Review by Danny Gaisin
The third candidate aspiring to the podium of the Mississauga Symphony is Misha Roháč; a Torontonian conductor whose background is Czechoslovakian. Understandably, the program featured two works by Smetana; three dances from his ‘Bartered Bride’, and the Sarka from Ma Vlast. This latter work translates as My Fatherland and is an excerpt from his Moldau suite. Another excerpt from Moldau is the melody for ‘Hatikvah’; Israel’s National Anthem which means ‘The Hope’. Both works carry a strong emotional yet musical theme.
Roháč’s style is somewhat posturizing; his address to the audience repetitious and non-educational, but his control of the orchestra is obvious. There were some discernible technical blunders in the first two works, but not noticeable for the remainder of the concert. The maestro is focused and almost pedantic in exhorting his version and arrangement from his musicians.The conductor’s acknowledgement of the solo clarinet work by Colin Savage was certainly deserved.
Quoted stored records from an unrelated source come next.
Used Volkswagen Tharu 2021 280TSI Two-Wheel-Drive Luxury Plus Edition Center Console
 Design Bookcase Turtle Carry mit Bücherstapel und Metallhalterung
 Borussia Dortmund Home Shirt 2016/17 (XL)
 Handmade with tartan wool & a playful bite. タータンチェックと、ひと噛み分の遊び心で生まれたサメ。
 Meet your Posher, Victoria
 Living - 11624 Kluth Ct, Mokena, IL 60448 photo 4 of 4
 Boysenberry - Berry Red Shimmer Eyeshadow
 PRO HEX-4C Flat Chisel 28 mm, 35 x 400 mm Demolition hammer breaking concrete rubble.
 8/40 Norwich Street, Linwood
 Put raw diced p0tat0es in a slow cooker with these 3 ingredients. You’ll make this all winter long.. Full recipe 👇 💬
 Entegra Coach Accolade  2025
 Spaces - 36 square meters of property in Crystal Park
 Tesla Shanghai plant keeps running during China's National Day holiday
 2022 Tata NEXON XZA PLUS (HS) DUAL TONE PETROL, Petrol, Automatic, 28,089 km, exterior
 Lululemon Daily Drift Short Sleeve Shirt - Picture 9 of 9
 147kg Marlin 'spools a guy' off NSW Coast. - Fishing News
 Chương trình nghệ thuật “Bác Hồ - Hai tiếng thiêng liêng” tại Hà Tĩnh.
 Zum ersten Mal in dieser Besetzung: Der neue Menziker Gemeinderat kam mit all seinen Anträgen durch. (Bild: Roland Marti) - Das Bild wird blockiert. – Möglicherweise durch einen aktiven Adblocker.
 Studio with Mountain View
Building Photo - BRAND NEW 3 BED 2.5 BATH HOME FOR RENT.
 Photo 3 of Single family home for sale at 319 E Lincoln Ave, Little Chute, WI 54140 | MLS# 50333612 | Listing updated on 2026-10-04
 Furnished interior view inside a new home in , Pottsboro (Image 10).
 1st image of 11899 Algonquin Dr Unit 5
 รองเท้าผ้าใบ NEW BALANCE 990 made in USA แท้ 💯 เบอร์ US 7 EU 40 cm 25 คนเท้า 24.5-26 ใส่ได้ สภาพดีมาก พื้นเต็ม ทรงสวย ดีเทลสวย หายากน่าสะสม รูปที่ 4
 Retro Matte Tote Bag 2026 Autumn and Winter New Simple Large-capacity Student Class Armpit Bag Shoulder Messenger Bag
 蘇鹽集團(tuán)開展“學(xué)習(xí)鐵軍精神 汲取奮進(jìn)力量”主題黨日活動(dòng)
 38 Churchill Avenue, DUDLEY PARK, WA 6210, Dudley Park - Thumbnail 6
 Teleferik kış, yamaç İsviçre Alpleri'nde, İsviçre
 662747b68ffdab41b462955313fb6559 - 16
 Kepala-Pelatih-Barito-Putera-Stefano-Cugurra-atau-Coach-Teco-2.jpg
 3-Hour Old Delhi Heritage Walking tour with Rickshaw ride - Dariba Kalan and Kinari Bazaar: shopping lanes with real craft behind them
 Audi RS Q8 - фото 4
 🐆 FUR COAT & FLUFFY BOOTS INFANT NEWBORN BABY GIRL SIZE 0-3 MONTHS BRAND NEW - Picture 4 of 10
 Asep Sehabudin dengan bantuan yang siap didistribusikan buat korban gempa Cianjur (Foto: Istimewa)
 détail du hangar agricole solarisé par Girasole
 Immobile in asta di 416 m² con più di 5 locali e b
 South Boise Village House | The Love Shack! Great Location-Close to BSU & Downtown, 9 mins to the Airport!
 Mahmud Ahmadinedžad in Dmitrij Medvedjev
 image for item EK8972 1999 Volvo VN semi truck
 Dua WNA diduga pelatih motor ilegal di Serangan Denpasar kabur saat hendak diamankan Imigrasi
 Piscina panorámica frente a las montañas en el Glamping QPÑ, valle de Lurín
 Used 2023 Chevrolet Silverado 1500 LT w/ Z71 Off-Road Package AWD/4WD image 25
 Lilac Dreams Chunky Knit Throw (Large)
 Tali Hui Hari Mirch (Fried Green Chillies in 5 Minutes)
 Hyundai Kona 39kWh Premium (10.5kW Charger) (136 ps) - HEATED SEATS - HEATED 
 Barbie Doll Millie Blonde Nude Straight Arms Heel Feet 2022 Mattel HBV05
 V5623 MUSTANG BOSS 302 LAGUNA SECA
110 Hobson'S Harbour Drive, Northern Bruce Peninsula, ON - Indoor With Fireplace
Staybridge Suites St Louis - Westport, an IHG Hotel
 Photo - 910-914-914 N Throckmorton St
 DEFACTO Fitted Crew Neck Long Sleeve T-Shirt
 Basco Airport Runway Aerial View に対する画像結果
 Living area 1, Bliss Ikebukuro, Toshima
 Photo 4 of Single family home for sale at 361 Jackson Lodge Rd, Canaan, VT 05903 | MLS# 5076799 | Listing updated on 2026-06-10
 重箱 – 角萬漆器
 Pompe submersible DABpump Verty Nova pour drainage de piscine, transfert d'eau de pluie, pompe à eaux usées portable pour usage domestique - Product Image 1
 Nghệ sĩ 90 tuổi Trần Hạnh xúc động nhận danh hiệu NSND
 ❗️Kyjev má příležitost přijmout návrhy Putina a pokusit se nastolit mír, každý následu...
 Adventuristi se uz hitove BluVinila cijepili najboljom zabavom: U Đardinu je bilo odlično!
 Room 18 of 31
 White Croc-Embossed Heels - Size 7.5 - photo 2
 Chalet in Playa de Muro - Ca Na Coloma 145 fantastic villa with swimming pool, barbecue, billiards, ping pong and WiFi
Post-interval, guest soloist Adrian Fung performed the familiar Concerto in b-minor by Dvořák. This intense young musician is almost histrionic in his concentration and form. The symbiotic relationship between director and soloist manifested itself in continual eye contact and subtle signalling. Fung’s expertise is slightly marred by occasional slurring but he is a consummate interpreter of the composer’s musical message. The 2nd movement adagio was performed definitely non-troppo. The closing allegro was polished and fully professional.
There are three move concerts in the MSO series scheduled for March 24th, Thursday April 5th, and the finale for John Barnum, on Sat. May 5th.